I live in a so-called “high income” school district. My super is a member of the executive committee of the Alliance for High Quality Education, which, from all appearances, seems to be a Fordham-fronted group working out of the Ohio School Boards Association offices. It proudly claims to be an opponent of the “Robin Hood” principle. If you look at the fine print and follow the logical trail of their silence on charters and collaboration with Andrew Brenner, the patron saint of charters and privatization in the Ohio Assembly, seems to indicate the threat to the 80 or so school districts that belong to this alliance comes from urban public school districts, not the vultures making money off our children and teachers. I have come to the conclusion that the super is biding his time to qualify for his full pension and then magically take a Fordham-funded job as a former public ed super in favor of their agenda.
There is a dangerous game going on in this state. “High-value” public school districts think they can carve out their own piece of the state funding pie, coexist with privatization schemes, and separate themselves from those dastardly urban districts that “are draining our funds.” What they don’t realize, see New Orleans, is that there is no space for them to carve out. If the privatizers win, they will necessary suck in the entire educational infrastructure.

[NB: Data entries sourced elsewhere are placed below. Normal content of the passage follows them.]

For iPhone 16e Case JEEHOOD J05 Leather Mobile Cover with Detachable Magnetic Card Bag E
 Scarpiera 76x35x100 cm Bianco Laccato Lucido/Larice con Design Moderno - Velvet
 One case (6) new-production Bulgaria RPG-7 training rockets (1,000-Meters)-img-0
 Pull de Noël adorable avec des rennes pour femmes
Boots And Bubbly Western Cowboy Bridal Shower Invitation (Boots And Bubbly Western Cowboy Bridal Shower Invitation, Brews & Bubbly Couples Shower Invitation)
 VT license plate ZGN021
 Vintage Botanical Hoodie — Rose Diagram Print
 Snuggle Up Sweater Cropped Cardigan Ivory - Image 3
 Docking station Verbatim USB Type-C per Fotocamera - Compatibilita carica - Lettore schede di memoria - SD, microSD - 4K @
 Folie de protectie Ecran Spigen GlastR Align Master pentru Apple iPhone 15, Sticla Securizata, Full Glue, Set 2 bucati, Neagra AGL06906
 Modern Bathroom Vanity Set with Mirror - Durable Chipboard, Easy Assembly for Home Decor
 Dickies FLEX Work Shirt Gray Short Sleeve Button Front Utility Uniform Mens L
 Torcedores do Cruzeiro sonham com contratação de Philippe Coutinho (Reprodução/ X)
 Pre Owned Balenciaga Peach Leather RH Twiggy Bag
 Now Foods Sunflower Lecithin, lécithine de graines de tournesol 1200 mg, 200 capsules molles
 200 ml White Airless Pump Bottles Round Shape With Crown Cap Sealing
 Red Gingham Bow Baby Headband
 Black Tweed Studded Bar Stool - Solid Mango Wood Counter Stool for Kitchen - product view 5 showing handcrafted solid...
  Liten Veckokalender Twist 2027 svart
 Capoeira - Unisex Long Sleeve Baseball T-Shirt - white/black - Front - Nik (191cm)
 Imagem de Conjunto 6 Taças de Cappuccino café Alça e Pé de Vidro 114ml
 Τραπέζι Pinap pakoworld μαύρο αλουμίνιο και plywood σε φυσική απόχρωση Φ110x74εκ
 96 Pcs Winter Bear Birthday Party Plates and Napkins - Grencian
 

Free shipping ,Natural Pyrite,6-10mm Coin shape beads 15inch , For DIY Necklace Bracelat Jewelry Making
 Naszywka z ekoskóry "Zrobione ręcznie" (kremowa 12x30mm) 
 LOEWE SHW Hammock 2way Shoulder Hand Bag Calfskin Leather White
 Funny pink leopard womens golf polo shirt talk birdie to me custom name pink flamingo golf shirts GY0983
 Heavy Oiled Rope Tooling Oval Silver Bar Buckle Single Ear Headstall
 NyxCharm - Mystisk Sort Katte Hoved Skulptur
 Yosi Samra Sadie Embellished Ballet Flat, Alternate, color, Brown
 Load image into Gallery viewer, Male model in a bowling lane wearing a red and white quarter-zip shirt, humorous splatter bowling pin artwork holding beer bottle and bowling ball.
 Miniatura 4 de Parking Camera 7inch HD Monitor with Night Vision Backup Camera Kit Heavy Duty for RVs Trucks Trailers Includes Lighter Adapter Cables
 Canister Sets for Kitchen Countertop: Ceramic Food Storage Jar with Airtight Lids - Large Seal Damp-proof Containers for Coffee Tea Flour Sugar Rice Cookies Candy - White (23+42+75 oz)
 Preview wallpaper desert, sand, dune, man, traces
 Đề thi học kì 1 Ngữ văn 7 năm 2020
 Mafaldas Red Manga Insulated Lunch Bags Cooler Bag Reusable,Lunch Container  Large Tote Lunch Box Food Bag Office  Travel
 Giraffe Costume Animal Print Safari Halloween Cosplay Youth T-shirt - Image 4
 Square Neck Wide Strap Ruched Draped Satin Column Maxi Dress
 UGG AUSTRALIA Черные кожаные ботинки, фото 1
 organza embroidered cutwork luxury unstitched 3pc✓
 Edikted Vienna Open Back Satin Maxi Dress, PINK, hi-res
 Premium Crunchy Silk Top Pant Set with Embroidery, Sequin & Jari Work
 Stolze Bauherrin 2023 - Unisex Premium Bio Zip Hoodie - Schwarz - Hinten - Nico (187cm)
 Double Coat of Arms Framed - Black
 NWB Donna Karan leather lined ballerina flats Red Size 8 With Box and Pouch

To illustrate this thesis to some degree, consider this tidbit that was deeply hidden in a story in our weekly community paper: “Poe noted in that meeting that it has been eight years since the district last adopted new social studies and English/language arts textbooks. He added the teaching staff has been instructed to teach only those topics and concepts found in the Ohio State Content Standard for Ohio public schools and that Critical Race Theory is not addressed in either the social studies or English programs.”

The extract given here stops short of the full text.